Paper No. 197-11
Presentation Time: 10:30 AM
UNIFYING INCLINED SHEAR AND FLEXURAL SLIP
CONNORS, Christopher D., Dept. of Geology, Washington and Lee University, 204 West Washington Street, Lexington, VA 24450
In structural balancing and restoration it is common to use an inclined shear algorithm when modeling regions that have undergone extension, and a flexural slip algorithm for regions that have experienced contraction. We have unified inclined shear and flexural slip into one algorithm for kinematic forward modeling of fault-bend folding. When modeling contraction, at each time step the cutoff and fault-bend angles are determined and the fault-bend fold equations are solved for the slip ratios and active-axial-surface (velocity-boundary) orientations. The folds produced conserve cross-sectional area, layer thickness, and line length. In cases where there is no solution to the fault-bend equations, such as large anticlinal bends or interfering kink bands, a minimum change in bed length is computed and cross sectional area is still conserved. The thrust sheets produced are quite realistic, typically parallel folds with localized bed thinning or thickening. When modeling extension the velocity boundary orientations are independently defined from fault shape, and the fault-bend folding equations are used to calculate slip ratios and the modeled structures conserve area. Realistic extensional fault-bend folds, such as rollover structures with growth, are produced.

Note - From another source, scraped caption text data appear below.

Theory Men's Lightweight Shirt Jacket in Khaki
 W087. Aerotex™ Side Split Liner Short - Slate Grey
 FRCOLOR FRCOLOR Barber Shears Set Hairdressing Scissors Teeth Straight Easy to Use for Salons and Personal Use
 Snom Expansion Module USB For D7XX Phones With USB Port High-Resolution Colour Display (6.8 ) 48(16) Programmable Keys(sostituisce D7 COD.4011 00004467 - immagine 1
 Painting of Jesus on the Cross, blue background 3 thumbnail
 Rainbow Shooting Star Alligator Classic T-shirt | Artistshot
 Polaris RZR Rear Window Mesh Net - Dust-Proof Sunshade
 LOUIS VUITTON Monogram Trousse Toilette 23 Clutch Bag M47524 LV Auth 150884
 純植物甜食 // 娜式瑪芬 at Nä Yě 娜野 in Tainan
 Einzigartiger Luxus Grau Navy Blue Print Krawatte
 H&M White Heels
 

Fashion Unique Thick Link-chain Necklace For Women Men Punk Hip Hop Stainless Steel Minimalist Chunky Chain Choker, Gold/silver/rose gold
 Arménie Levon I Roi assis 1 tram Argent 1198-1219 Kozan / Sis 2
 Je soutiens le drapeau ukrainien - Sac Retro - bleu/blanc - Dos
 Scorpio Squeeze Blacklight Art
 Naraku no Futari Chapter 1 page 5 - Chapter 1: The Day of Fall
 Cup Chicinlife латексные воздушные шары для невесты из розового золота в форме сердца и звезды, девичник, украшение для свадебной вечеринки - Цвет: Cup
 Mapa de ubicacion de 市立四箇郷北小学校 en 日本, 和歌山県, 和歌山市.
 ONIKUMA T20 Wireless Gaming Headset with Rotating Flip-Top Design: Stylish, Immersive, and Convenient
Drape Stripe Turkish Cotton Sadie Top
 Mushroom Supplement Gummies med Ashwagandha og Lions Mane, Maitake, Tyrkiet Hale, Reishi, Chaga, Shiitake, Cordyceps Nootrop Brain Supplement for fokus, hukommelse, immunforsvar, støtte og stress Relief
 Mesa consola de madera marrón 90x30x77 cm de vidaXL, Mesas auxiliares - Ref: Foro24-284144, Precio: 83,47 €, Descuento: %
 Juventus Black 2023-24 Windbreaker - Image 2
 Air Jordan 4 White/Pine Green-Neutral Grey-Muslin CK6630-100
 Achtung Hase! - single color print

The transformation at a fault bend is that of simple shear parallel to the velocity boundary with this orientation constituting a line of no elongation within the instantaneous strain ellipse. Thus when modeling extension this orientation is equivalent to inclined shear, with associated conservation of area. When modeling contraction the computation of the specific velocity boundary from the fault-bend folding equations is again an orientation no elongation and therefore also inclined shear, but a special case where the other orientation of no elongation is that of the folded bedding. Thus it is equivalent to flexural slip, conserving line length, layer thickness and area.
With this approach we can realistically model many structures that are difficult to achieve with previous algorithms, such as: gravity-driven systems with linked proximal extension and distal contraction in one section, rounded parallel folds in thrust sheets associated with curved thrusts and sections with spatially and temporarily varying inclined shear.